Humpty Dumpty smiled contemptuously. "Of course you don't--till I tell you. I meant 'there's a nice knock-down argument for you!'"
"But 'glory' doesn't mean 'a nice knock-down argument," Alice objected.
"When I use a word," Humpty Dumpty said, in rather a scornful tone, "it means just what I choose it to mean--neither more nor less."
I have commented, occasionally, that not only do I not want to retire early (even if it weren't getting a bit late for that), I hope never to retire at all. I enjoy working, and especially the particular type I do now. I've managed to remove most of the tedious parts, like fixed hours, commuting, most of the time spend in pointless meetings, etc. Yet I expect others have done some of this too, yet still want to retire.
I'm wondering if this can be explained by the way a person enters the working world. From what I've read, I've gotten the impression that MMM, like many, had a fairly typical middle-class upbringing, went through school and then college supported by parents/grants/loans, and then transitioned to a comfortable professional job without much difficulty. So that job, and following ones, had little emotional value since it came easily.
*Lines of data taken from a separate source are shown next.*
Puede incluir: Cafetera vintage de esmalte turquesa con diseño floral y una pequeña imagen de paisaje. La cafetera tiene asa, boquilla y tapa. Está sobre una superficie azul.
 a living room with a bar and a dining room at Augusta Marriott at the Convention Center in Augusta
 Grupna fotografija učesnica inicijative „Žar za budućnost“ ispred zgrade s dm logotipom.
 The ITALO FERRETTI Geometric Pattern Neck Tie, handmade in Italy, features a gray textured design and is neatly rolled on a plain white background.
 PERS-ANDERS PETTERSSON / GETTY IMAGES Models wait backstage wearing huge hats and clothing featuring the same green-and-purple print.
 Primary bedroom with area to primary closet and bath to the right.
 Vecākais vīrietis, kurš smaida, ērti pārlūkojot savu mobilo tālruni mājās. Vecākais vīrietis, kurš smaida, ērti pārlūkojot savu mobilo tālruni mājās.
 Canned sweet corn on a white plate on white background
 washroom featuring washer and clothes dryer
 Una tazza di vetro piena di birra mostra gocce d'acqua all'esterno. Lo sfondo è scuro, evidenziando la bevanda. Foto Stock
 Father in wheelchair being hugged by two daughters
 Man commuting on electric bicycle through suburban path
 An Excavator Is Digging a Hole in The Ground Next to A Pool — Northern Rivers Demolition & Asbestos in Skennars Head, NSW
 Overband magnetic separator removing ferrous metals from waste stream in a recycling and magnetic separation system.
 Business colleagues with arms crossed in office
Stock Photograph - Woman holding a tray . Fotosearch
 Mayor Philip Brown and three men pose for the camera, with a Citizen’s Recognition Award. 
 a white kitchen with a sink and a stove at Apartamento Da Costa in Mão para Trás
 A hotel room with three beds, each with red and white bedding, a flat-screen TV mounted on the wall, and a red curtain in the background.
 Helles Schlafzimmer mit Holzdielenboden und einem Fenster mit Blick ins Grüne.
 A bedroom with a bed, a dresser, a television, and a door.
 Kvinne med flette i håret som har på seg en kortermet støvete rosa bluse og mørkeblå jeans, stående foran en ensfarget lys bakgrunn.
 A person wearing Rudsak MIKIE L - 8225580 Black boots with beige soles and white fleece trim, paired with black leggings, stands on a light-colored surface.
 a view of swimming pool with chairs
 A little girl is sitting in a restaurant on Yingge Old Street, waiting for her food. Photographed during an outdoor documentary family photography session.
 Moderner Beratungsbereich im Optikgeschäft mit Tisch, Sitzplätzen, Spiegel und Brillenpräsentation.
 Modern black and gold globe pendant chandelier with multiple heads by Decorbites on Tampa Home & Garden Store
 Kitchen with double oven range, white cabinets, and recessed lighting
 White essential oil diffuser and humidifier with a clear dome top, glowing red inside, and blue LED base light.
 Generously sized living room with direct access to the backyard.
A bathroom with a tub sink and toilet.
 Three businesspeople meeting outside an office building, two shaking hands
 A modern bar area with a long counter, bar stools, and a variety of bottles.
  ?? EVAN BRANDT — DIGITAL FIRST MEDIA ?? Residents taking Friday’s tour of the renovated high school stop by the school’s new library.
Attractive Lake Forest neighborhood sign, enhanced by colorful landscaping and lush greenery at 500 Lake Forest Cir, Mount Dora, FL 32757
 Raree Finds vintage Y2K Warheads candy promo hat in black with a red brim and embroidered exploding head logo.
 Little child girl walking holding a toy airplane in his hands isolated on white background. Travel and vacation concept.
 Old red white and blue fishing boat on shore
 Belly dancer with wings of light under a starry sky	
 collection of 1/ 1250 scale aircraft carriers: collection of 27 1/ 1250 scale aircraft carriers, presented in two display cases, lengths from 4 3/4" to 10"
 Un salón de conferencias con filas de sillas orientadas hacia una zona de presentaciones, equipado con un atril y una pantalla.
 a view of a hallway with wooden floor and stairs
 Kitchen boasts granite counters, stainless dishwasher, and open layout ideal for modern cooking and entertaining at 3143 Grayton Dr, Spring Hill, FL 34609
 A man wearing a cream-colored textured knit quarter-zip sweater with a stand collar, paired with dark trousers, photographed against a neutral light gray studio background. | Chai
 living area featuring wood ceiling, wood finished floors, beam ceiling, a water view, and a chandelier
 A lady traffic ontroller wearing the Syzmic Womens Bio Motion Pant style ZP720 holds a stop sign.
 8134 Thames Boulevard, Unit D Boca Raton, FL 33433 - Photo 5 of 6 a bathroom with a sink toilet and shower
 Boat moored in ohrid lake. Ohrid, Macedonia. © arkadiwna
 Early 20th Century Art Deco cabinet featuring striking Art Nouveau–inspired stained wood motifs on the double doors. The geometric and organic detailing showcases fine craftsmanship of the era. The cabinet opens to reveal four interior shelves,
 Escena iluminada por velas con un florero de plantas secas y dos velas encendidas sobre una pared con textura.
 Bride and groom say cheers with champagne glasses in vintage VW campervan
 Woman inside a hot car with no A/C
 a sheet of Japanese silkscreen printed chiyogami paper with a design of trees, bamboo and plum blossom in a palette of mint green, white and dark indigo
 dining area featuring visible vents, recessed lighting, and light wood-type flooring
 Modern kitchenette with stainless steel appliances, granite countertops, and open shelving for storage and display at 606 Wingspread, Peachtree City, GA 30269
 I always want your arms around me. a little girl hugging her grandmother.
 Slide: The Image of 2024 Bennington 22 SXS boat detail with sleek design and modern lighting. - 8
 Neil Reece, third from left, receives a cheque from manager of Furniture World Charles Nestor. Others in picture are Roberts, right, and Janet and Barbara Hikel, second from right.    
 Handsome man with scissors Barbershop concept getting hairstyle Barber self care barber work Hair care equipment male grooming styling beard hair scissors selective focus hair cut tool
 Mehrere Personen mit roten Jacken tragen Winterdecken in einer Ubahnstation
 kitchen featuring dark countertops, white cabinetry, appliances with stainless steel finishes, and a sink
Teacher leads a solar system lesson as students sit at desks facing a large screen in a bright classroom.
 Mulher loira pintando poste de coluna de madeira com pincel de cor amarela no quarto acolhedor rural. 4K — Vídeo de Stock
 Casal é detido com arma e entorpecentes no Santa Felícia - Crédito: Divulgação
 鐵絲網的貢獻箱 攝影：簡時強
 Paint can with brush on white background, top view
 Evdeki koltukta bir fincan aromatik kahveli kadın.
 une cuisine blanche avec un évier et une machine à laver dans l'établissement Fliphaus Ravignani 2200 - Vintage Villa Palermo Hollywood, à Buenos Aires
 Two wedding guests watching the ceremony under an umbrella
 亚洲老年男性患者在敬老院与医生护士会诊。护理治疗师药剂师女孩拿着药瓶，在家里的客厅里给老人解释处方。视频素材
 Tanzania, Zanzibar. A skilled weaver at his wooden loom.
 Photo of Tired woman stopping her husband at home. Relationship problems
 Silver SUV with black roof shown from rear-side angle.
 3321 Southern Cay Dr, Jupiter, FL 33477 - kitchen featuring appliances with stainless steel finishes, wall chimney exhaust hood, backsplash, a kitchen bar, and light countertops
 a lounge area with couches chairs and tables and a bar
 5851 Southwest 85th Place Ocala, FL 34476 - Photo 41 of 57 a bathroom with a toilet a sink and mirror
My experience was quite different: not much family or societal support, first jobs were down at the bottom of the economic ladder - agricultural work, pumping gas or doing fast food, etc - were often gotten after dozens of applications, and sometimes meant the difference between eating and not. That does, I think, tend to create a certain emotional attachment to the idea of having a job :-)
So I wonder if this is true for other people? Are you seeking early retirement, whether in the MMM sense or by a more conventional definition, or are you seeking FI for security and/or to allow you to work in a more congenial manner? Does your choice tie in with the way you entered the working world?